AIM OF THE TASK:
Below are records with pictures; copy word for word only the lines between the line with "Closeup of green" and the line with "The image shows", inclusive, and drop the pictures.
------ LISTED RECORDS
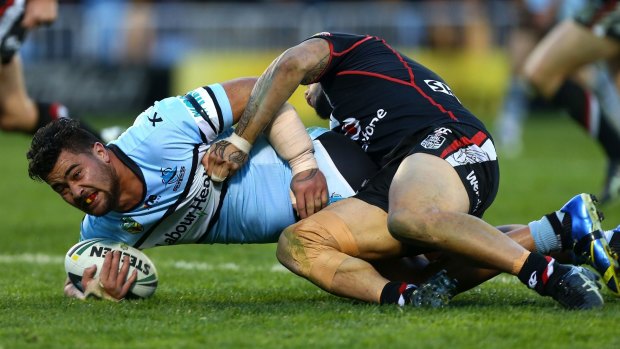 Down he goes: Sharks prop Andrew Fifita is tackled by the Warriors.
------------
------ LISTED RECORDS
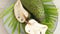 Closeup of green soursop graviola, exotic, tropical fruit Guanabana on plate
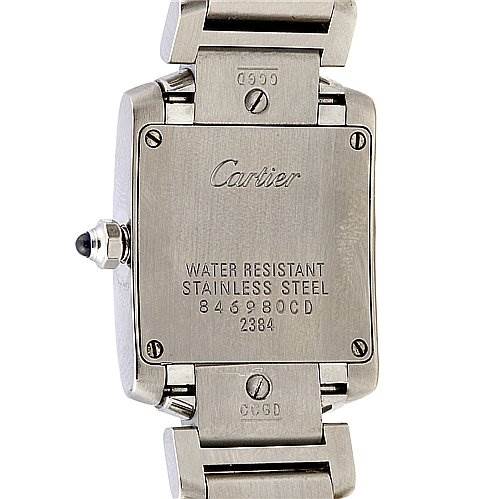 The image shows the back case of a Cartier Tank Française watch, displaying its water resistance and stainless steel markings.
------------
SOLUTION TO THIS EXERCISE:
 Closeup of green soursop graviola, exotic, tropical fruit Guanabana on plate
 The image shows the back case of a Cartier Tank Française watch, displaying its water resistance and stainless steel markings.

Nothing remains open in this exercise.